THE TASK: Each line from the one with "vidaXL Silla de" through the last line below must be written out exactly. Do not copy pictures.

(Extracted records)
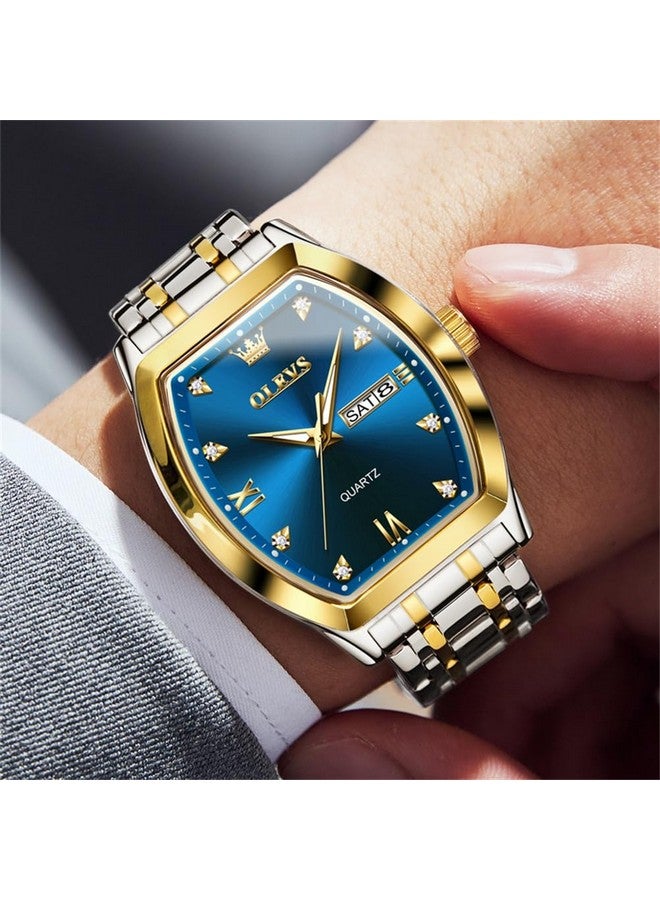 OLEVS Blue Men Watches Business Dress Diamond Analog Quartz Date Luxury Square Wrist Watch relojes para Hombres Casual Stainless Steel Waterproof Luminous Two Tone Watch for Men - Image 3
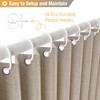 Jubilantex Folding Linen Shower Curtain for Bathroom Khaki Waterproof Shower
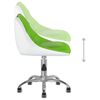 vidaXL Silla de comedor giratoria de cuero sint&eacute;tica verde y blanco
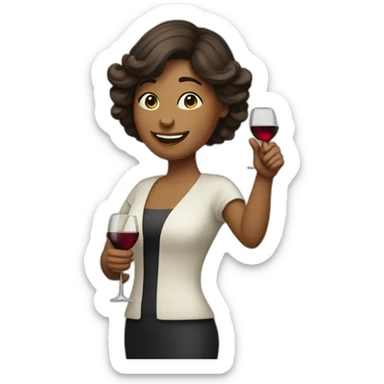 lady with wine glass thumbs up sticker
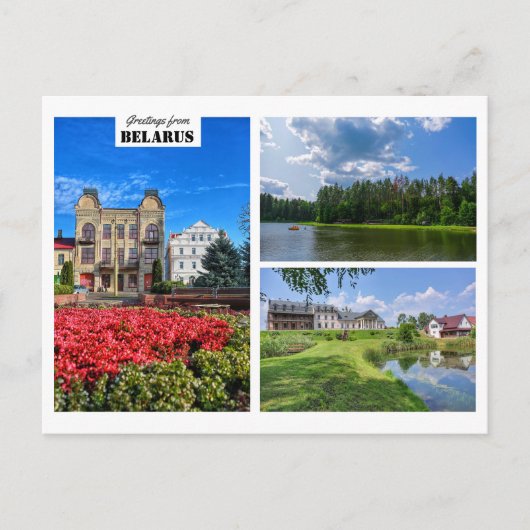 Postale Biélorussie Salutations Nature Architecture Carte  (Devant)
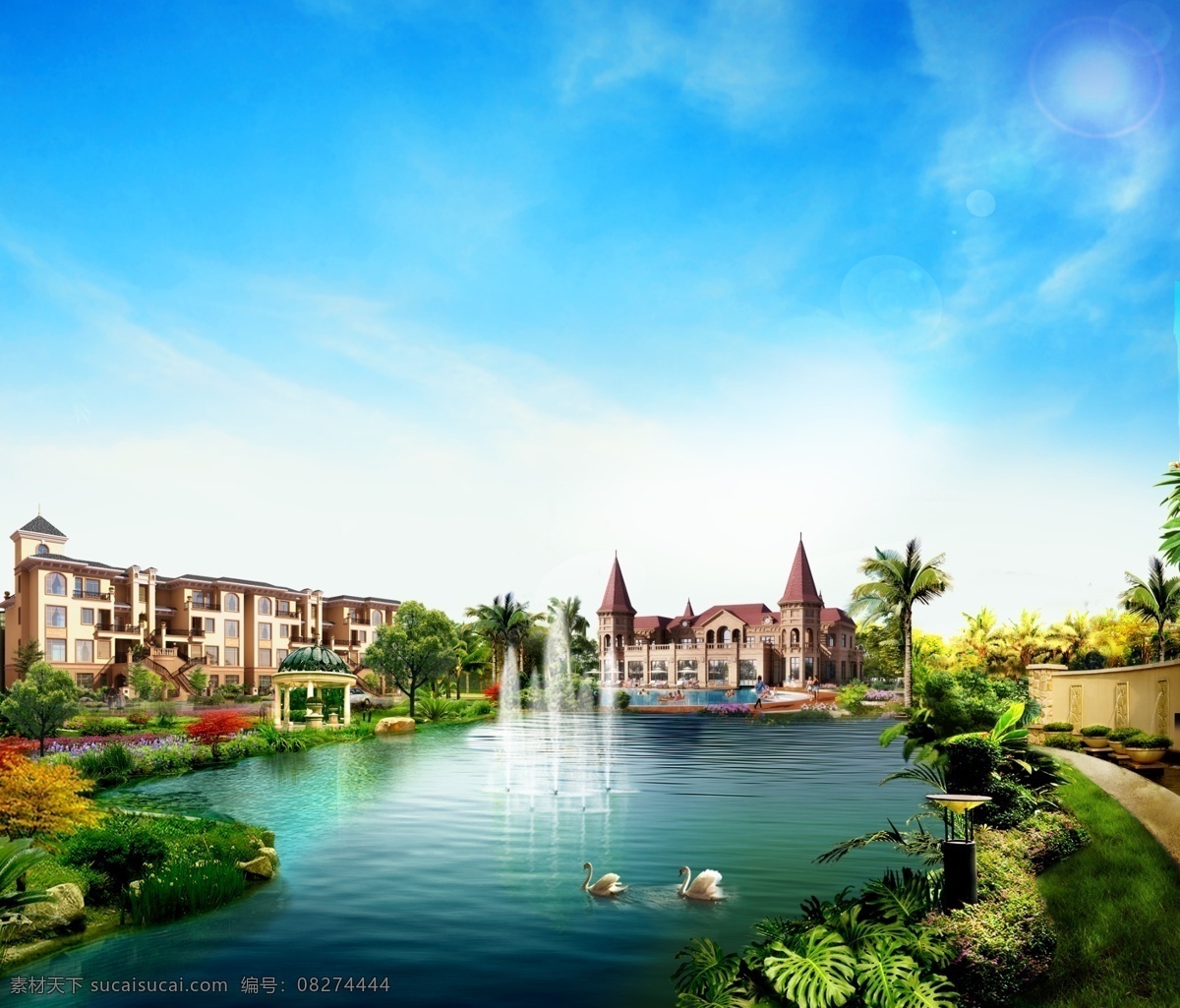 房地产湖景 湖景 恒大 园林 房地产 会所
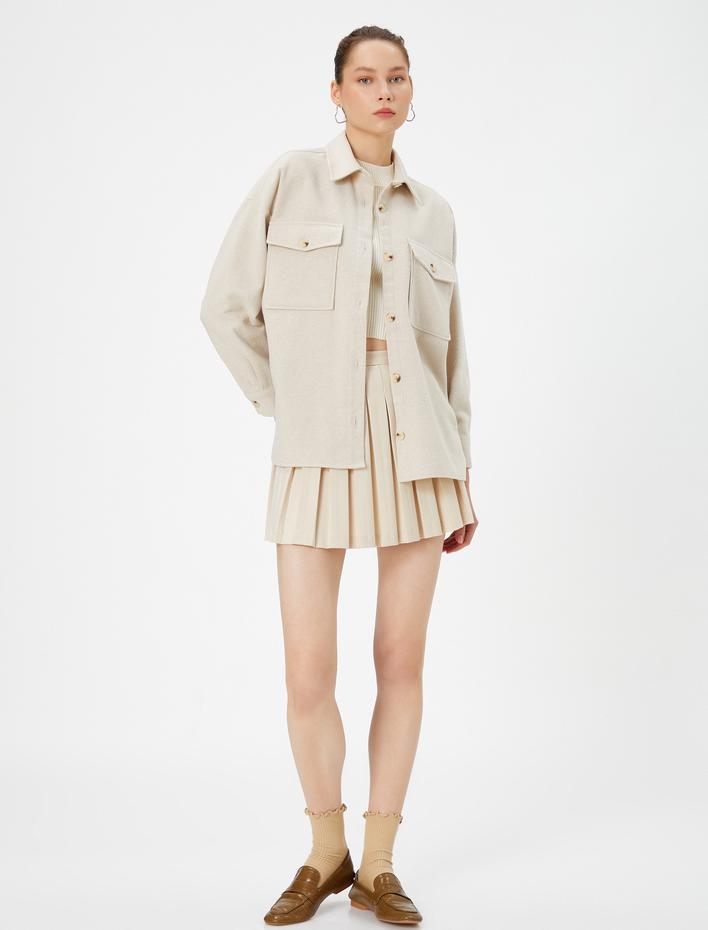  Oversize Gömlek Yumuşak Dokulu Kapaklı Cepli Klasik Yaka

TASK OUTPUT:
 vidaXL Silla de comedor giratoria de cuero sint&eacute;tica verde y blanco
 lady with wine glass thumbs up sticker
 Postale Biélorussie Salutations Nature Architecture Carte  (Devant)
 房地产湖景 湖景 恒大 园林 房地产 会所
  Oversize Gömlek Yumuşak Dokulu Kapaklı Cepli Klasik Yaka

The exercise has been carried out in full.